--- Material supplied ---

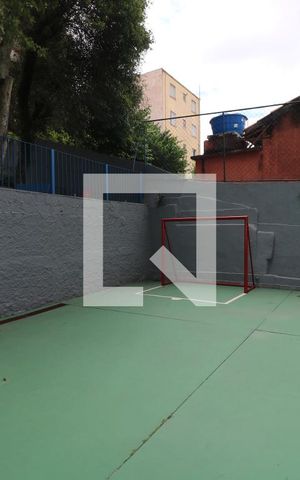Apartamento para alugar com 107m², 3 quartos e 1 vagaQuadra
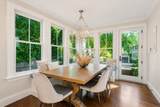 39 Hammond Street - Photo 9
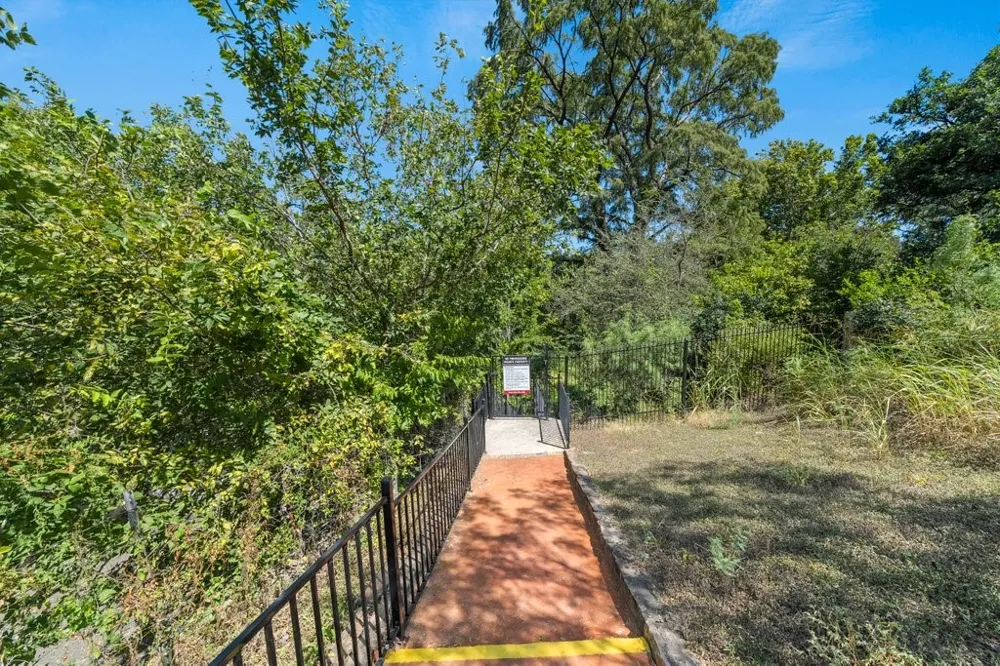 1326 River Place Drive New Braunfels, TX 78130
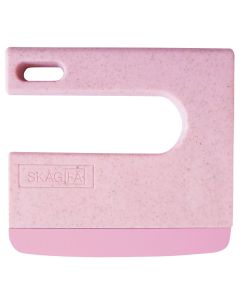 Premier couteau pour enfant Klyv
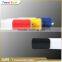 Hot Selling Smart Fast Charge Pocket Battery Charger 2600mAh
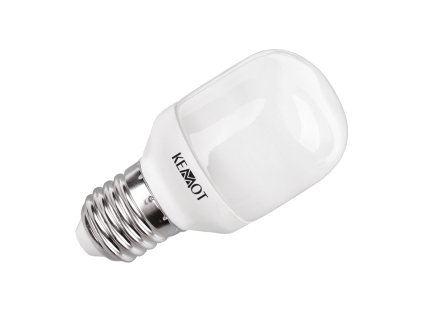 kompaktowa lampa fluorescencyjna swietlowka torpeda 10w e27 2700k e49c4209b1654b20a7d2456484e693df c065f642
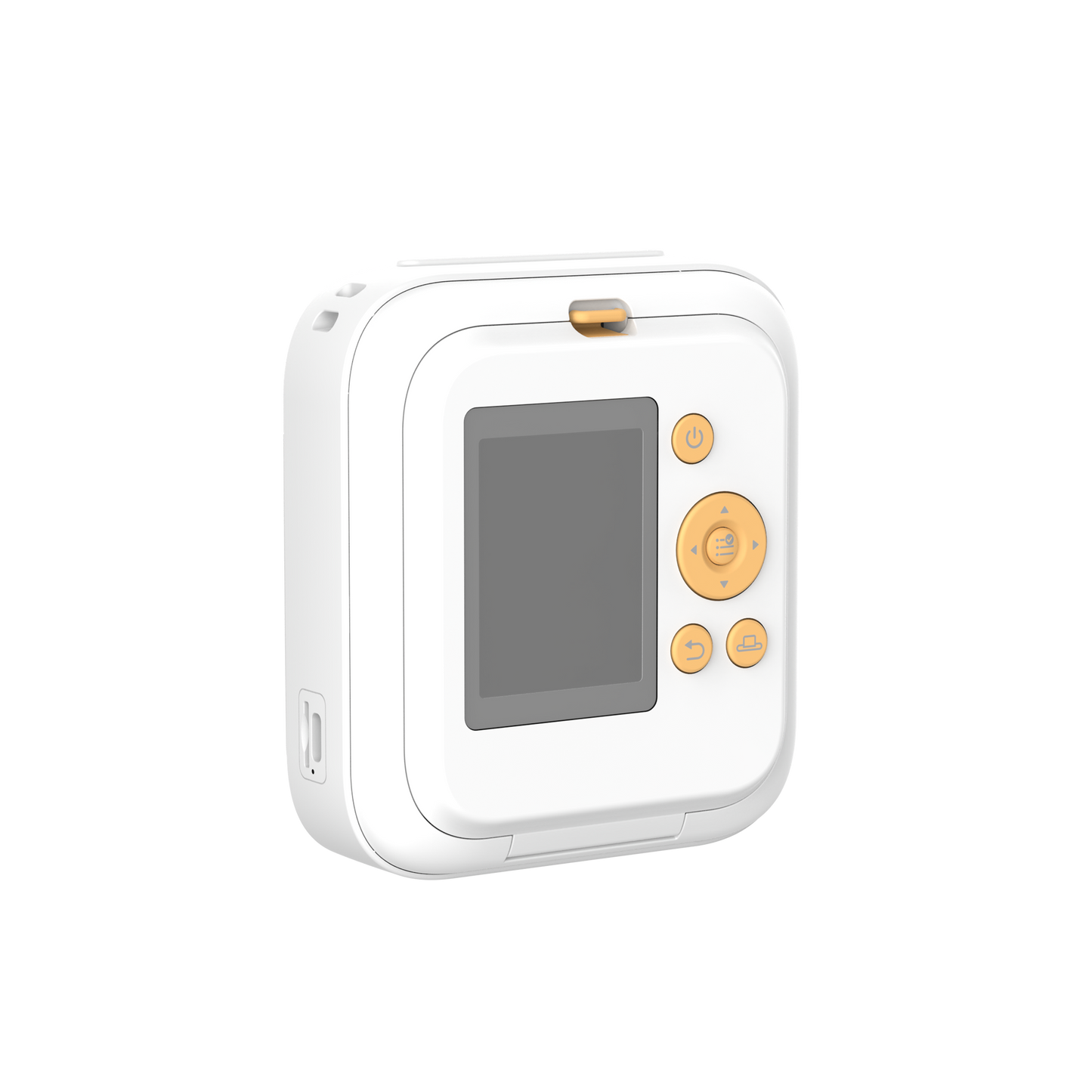 myFirst Camera Insta Prinx Mini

---

**Required action**. With the pictures left out, give again exactly the lines from the one with "1326 River Place" through the end of the data, both included.

**Response for this exercise**.
 1326 River Place Drive New Braunfels, TX 78130
 Premier couteau pour enfant Klyv
 Hot Selling Smart Fast Charge Pocket Battery Charger 2600mAh
 kompaktowa lampa fluorescencyjna swietlowka torpeda 10w e27 2700k e49c4209b1654b20a7d2456484e693df c065f642
 myFirst Camera Insta Prinx Mini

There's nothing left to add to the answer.